From a player’s view, I can see why you’d want to lash out at Kidd. A year ago, he came back as the prodigal son, got his number retired, bought an ownership stake, the whole nine yards. Less than 12 months later, it was fleshed out as a mirage. It wasn’t about the organization that he took to back-to-back Finals, or the players that helped cultivate his rookie season into a successful one. The same players that didn’t quit on him when they easily could have packed it in after a beleaguered November and December. Instead, he made a powerplay steeped in ego, one that — nearly a month later — still seems both equal parts amusing and surreal. So I don’t blame a guy who took less money to play for the Nets coming out and asking a simple, “Why?”

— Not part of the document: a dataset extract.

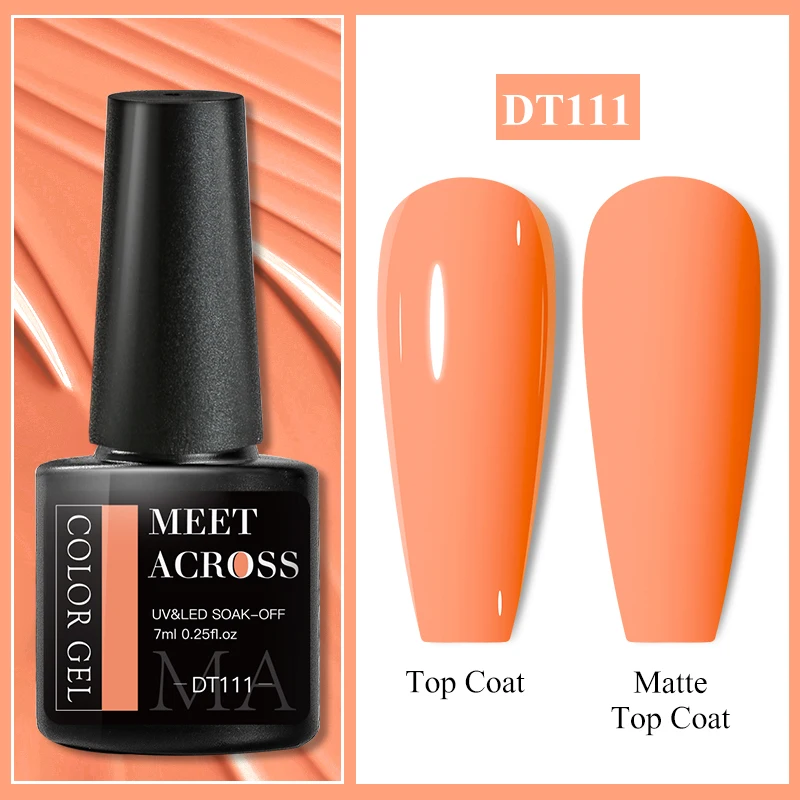 Gel DT111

If Kidd wants to act like he’s as accomplished as someone like Phil Jackson or Gregg Popovich, then he can take the criticism that comes with that greatness. Especially from a veteran who seems to feel like he never knew what his role was in a season that flamed out in the second round. Kirilenko is entitled to his opinion, primarily — in my eyes — because it’s a valid one. Maybe Kidd would just rather be a big fish in a small pond. So AK, stick to your guns. Because Nets fans are squarely behind you.